→ INPUT DATA:

((

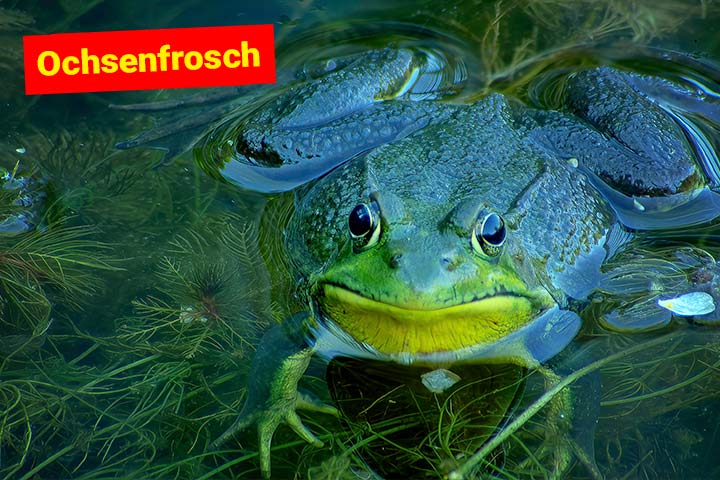 Ochsenfrosch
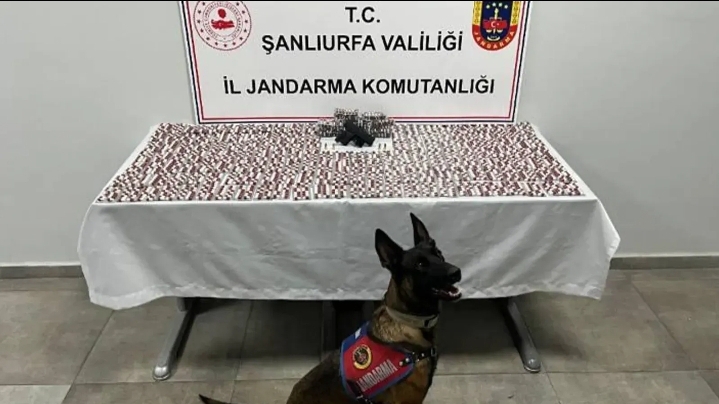 Arama yapıldı! Urfa’da Çok Sayıda Hap Ele Geçirildi!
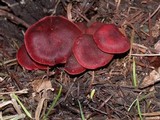 Tubaria vinicolor image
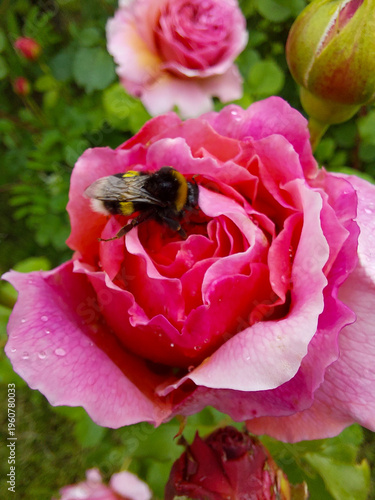 Bumblebee sits on a pink rose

))

Leave the images out. Set down all of the material above exactly.

 Ochsenfrosch
 Arama yapıldı! Urfa’da Çok Sayıda Hap Ele Geçirildi!
 Tubaria vinicolor image
 Bumblebee sits on a pink rose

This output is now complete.